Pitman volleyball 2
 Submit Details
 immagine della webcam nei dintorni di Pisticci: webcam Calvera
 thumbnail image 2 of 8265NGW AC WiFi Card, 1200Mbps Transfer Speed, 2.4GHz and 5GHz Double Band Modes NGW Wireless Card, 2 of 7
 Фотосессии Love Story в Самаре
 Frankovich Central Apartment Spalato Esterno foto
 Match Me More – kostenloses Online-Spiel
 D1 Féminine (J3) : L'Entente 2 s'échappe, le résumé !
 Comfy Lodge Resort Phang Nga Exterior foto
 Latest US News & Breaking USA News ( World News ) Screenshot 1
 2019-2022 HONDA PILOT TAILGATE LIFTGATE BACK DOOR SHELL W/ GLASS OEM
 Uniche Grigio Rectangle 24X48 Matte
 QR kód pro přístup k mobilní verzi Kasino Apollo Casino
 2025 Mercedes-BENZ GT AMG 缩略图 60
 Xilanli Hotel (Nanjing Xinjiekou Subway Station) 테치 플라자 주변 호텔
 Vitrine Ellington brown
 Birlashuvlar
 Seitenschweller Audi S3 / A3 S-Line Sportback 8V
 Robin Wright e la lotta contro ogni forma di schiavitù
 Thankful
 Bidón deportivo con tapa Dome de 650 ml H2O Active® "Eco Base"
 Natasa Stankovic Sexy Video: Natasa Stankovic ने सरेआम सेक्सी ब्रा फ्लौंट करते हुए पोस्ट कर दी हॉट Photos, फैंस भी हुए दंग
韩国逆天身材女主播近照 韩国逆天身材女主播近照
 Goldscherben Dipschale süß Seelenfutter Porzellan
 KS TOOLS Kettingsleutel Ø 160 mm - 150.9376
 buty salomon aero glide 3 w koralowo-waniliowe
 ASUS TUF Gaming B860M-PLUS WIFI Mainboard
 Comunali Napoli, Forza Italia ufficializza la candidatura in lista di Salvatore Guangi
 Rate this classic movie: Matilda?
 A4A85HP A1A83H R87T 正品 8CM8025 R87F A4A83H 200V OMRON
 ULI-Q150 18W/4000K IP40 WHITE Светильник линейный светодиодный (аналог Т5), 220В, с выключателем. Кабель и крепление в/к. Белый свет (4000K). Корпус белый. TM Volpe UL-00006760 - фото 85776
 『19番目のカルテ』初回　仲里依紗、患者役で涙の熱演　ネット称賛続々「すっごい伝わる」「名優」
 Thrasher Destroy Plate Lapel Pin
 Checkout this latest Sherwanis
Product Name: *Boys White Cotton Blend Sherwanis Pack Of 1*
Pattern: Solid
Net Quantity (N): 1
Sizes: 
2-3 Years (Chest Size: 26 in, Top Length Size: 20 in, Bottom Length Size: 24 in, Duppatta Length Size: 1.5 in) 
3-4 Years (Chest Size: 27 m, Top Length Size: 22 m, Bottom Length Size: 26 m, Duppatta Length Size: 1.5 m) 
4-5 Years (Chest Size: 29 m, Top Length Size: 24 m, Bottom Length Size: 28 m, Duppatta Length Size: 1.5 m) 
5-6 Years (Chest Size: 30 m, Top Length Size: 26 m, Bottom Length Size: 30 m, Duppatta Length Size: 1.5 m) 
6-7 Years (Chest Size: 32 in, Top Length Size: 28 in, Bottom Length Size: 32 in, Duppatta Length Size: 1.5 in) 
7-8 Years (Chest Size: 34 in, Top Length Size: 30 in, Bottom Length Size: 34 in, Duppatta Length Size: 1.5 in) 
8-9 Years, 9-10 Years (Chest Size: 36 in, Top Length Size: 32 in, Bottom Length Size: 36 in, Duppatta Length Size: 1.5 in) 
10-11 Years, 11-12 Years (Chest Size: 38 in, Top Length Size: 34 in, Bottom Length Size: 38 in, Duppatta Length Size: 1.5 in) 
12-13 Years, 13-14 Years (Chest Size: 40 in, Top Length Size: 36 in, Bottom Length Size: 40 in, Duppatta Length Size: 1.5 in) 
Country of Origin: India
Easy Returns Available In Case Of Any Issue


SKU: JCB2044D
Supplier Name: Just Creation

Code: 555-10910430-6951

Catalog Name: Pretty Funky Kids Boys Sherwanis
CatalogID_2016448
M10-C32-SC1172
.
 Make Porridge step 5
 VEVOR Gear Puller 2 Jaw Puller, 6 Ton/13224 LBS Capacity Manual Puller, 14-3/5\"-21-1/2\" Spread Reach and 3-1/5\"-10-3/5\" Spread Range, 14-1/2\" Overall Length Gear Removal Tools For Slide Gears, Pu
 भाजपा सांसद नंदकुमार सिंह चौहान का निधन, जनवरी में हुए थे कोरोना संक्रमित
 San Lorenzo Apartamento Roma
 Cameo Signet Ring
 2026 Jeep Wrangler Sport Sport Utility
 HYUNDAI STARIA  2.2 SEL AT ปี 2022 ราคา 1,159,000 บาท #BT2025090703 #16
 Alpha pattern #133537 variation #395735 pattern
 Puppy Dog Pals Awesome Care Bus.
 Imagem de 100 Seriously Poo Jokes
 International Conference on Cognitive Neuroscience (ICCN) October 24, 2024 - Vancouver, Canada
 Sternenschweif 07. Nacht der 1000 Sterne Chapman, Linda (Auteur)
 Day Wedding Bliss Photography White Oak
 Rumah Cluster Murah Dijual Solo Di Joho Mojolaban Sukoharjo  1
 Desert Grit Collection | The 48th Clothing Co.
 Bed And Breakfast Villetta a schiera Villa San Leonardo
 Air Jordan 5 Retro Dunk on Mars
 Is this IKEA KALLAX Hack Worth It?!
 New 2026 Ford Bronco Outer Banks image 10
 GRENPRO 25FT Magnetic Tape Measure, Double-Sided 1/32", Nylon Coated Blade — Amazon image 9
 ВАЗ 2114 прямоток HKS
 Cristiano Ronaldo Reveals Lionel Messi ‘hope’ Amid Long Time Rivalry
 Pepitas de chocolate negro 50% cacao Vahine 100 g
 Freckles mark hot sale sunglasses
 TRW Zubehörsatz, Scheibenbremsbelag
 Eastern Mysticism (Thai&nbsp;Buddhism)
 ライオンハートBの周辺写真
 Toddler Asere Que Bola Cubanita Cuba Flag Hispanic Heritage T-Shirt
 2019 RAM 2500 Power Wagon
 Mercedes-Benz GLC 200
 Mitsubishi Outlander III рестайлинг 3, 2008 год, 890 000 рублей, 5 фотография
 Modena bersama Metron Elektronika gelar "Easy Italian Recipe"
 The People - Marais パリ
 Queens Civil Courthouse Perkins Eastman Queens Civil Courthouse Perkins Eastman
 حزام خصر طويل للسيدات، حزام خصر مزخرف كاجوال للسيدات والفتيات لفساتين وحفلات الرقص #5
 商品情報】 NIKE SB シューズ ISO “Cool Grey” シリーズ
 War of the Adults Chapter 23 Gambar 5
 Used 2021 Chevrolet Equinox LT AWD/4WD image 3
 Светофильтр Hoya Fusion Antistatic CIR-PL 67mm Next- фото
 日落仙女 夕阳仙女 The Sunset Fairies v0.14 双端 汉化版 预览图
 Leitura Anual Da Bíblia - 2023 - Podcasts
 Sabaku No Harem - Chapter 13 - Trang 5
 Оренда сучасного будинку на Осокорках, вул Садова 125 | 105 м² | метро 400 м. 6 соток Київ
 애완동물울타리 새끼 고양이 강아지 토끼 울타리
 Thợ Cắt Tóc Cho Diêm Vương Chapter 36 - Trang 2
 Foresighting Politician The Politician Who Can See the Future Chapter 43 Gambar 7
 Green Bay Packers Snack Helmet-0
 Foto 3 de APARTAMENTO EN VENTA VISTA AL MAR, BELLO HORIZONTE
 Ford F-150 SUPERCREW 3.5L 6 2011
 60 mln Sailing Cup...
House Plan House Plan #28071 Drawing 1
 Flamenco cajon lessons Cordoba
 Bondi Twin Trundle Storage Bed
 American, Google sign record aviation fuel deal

━━━━━━━━━━

Activity → Please state the number of lines in the listing that include the word "Boys", with no other words.

Output of the task → 2